**WHAT TO DO:** When a line below contains the word "with", copy that line.

Web page caption snippets
────────────────────────────────────────

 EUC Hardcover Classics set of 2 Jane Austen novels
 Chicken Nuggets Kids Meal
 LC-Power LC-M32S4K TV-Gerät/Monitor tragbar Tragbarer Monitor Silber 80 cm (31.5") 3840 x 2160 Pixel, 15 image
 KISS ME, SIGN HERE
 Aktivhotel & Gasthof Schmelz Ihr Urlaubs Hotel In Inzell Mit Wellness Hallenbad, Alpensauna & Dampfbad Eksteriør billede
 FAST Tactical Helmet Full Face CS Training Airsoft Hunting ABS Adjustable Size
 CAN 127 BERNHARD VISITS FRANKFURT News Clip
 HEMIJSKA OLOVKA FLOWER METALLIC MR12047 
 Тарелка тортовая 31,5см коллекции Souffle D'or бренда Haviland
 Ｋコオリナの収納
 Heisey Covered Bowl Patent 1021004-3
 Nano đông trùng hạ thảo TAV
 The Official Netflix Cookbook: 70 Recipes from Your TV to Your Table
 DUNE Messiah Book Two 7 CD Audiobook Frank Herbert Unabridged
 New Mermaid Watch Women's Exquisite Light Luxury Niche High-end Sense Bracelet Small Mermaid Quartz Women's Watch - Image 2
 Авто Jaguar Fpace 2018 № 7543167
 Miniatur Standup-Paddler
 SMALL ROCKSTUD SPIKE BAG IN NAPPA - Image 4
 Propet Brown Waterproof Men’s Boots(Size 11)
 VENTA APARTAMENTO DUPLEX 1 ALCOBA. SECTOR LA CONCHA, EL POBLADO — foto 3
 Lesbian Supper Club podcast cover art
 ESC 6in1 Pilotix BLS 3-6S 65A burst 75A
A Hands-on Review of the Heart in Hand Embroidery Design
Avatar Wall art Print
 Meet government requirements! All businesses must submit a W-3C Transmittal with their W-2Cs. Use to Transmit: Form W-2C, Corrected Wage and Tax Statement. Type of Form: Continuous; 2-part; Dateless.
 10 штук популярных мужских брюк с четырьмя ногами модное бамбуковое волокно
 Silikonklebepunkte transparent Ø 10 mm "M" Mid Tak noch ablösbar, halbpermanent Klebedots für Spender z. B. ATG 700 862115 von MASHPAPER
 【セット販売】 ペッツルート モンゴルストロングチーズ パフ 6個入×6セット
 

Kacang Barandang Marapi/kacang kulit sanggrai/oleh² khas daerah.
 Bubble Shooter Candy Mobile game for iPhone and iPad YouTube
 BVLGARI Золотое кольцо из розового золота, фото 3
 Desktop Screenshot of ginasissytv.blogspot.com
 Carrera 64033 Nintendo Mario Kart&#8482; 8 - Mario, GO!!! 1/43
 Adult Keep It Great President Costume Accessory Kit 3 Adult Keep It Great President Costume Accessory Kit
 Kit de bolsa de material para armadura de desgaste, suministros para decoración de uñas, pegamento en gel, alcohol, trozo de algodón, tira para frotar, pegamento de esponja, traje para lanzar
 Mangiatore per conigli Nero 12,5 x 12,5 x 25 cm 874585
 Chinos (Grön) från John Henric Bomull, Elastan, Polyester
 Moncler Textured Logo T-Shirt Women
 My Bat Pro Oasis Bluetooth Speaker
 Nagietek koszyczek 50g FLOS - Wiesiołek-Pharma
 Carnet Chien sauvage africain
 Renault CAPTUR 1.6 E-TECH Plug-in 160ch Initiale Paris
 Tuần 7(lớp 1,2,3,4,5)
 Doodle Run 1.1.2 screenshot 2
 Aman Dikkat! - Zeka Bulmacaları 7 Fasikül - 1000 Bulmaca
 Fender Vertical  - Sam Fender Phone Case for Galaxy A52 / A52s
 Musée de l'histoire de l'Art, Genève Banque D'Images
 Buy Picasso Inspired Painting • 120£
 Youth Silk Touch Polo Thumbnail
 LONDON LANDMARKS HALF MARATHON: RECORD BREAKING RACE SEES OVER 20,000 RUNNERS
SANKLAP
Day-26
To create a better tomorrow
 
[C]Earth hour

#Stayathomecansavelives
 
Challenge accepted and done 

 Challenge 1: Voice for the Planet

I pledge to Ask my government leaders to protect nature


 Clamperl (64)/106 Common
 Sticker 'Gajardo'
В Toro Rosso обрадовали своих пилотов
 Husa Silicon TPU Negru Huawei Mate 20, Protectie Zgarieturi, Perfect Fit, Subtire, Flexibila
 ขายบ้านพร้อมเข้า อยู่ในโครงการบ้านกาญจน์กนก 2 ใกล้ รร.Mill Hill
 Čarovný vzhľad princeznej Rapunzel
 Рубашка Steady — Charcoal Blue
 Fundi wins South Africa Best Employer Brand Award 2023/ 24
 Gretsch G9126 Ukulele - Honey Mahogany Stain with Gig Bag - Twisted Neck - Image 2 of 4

────────────────────────────────────────

**OUTPUT FOR THIS EXERCISE:**
 Meet government requirements! All businesses must submit a W-3C Transmittal with their W-2Cs. Use to Transmit: Form W-2C, Corrected Wage and Tax Statement. Type of Form: Continuous; 2-part; Dateless.
 Gretsch G9126 Ukulele - Honey Mahogany Stain with Gig Bag - Twisted Neck - Image 2 of 4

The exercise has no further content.